Monday, May 15, 2017

Courses to Resources: A Learning Modernisation Roadmap

If you had to fix a fault with your washing machine, how would you do it? How about if you wanted to choose a good hotel for your holiday? Help your daughter with her homework on ‘The Egyptians’?
Our everyday lives have been simplified by a wide variety of tools and resources that we use to get stuff done. We don’t worry much about memorising things – we know how to figure it out.
But our work lives haven’t changed much: the easiest way to get stuff done is generally still to ask the person next to you.
Over the past few months I’ve had the privilege of talking with a wide variety of organisations - large and small, public and private - all of who are grappling with the challenge of modernising learning. They are awash with concepts like 70/20/10, blending, micro-learning, gamification, virtual reality, informal learning, social technologies, automation and personalisation.

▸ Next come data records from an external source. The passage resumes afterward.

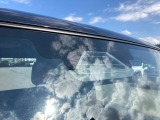 【衝突被害軽減ブレーキ】前方の車両や歩行者を検知し、ブザー音や表示によって警告!衝突の可能性が高まるとブレーキ踏力をアシストしてくれますが、あくまでもサポートですので運転手の判断・操作が大事です☆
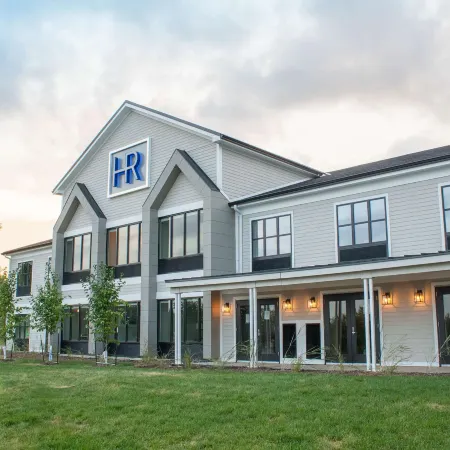 Hotel Renovo des Moines Urbandale, Tapestry Collection by Hilton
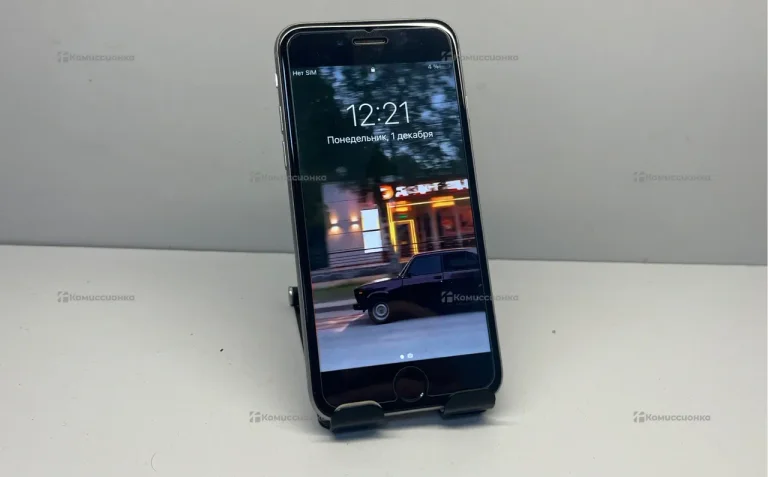 Apple iPhone 6s 2/32 ГБ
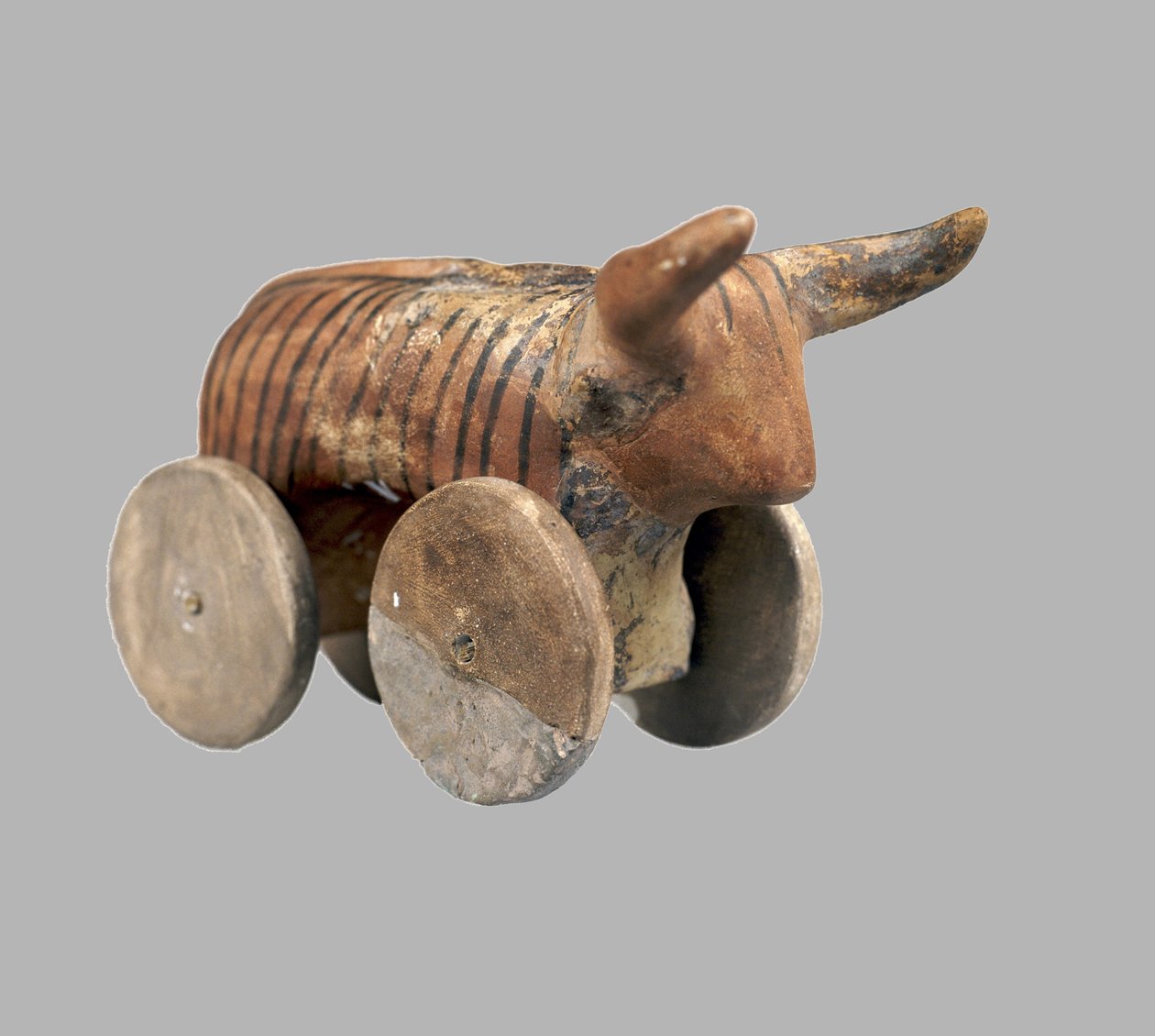 Zoomorfisk statuett med hjul, 3950-3500 f.Kr av Prehistoric Russian Culture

The advice I give them is simple:
Shift from courses to resources.
It doesn’t matter what technology or approach you are using: if you are still trying to push information rather than help people get stuff done, it won’t work.
So what does a shift from courses to resources mean?
First and foremost it means being user-centered in the way you design things. Really find out what problems people have, what motivates them, and how you can help.
It means taking a fresh look at your capabilities as a learning organisation: whether you have people and suppliers who know how to design and build resources.
It means setting aside conventions, fads and distractions and worrying less about new ways to force people to memorise things and more about how to help people get stuff done.